The core of the Senate appropriations bill -- setting spending levels for the 2008 fiscal year for health, education and labor programs -- was unchanged from the measure approved Tuesday by the subcommittee that Harkin and Specter lead. Describing the legislation Thursday, both men said they had hoped to have more funds available to spend on education programs and particularly on the National Institutes of Health, which would see its budget increase to $29.9 billion from this year's $28.9 billion.
"We've made allocations as best we can," said Specter. "I wish we had more the for the National Institutes of Health," to help it continue to make "remarkable advances" on a range of diseases and other health problems. "A billion-dollar increase barely keeps up with the cost of living."
Specter on Thursday also sought to reassure advocates for graduate medical education that although the Senate bill would provide more than $100 million less for such programs than the parallel House bill would, senators were committed to ensuring that Congress's final product would end up closer to the House bill's $309 million total. "You ought not to be worried about [the $200 million] figure" in the Senate bill, he said.
College officials are hopeful, too, that the Senate's generally lower figures on most student aid and other higher education programs will give way to the House's significantly higher ones when lawmakers from the two chambers sit down to work out compromise legislation later in the summer.
The Senate panel proposed leaving the maximum Pell Grant award at $4,310, a level Congress set in its catchall spending bill for the 2007 fiscal year -- far less than the $4,600 President Bush requested in February for his 2008 budget plan and than the $4,700 the House proposed in its 2008 spending bill.

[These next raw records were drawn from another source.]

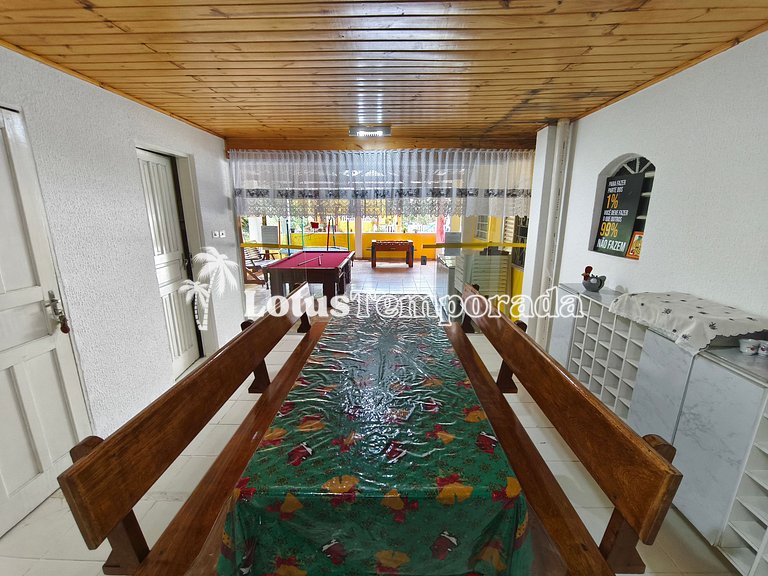 Sítio com piscina e salão de jogos LT0031
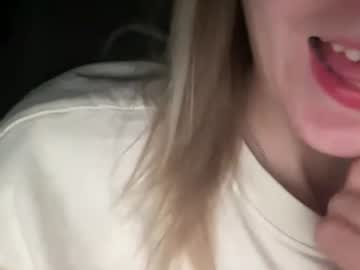 hardcore cam girl lovey_xoxoxox image #4723790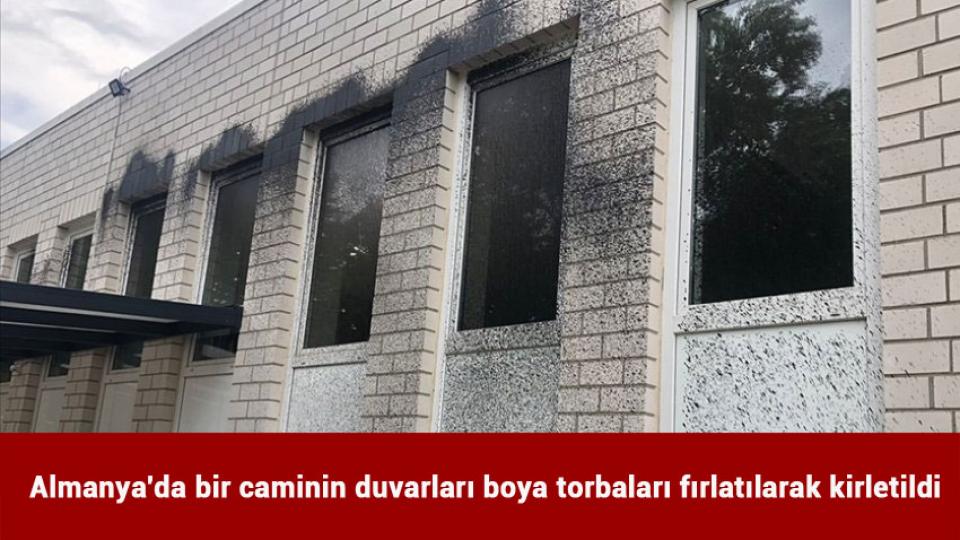 Almanya'da bir caminin duvarları boya torbaları fırlatılarak kirletildi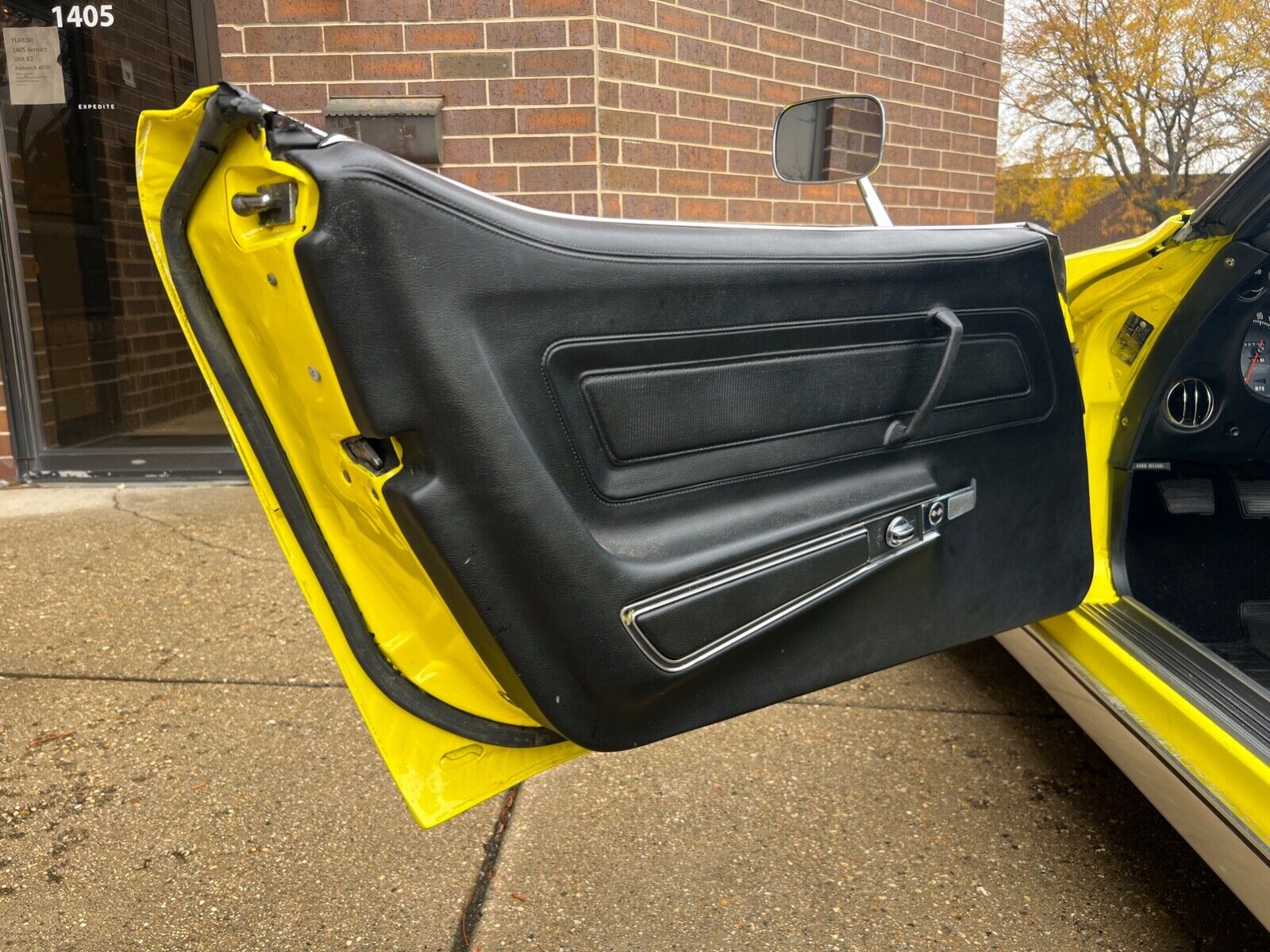 Chevrolet-Corvette-1974-Convertible-26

But the committee members did so on the assumption that they will ultimately be able to increase the maximum grant to at least the amount Bush sought, through the forthcoming “budget reconciliation” legislation (drafted this week by the Senate Health, Education, Labor and Pensions Committee). Using the budget reconciliation tactic, Senate Democrats intend to slash subsidies to student loan providers -- under fire from members of Congress and because of several investigations into student lending practices -- and redirect the proceeds to increase grant and other funds for students.
At the same drafting session on Thursday, the Senate Appropriations Committee approved another spending bill that would increase funds for the National Endowment for Humanities to $146.3 million in 2008, up from the $141 million it is receiving this year. That is far less than the $160 million that the House Appropriations Committee would provide in legislation it approved this month.
Also on Thursday, Sen. Michael B. Enzi (R-Wyo.), the senior Republican on the Senate HELP Committee, urged Senate Democrats to take up the budget reconciliation measure together with legislation to renew the Higher Education Act, because to do otherwise would leave many important policy changes undone. "We cannot just make cuts to in the student lending markets,” Enzi said. “We need to pass the necessary reforms of the Higher Education Act reauthorization bill to ensure that these changes benefit students.... This is the first major overhaul of the Higher Education Act since 1998, and we must have ample time for a meaningful debate on these two bills when they come to the floor of the Senate,” Enzi said.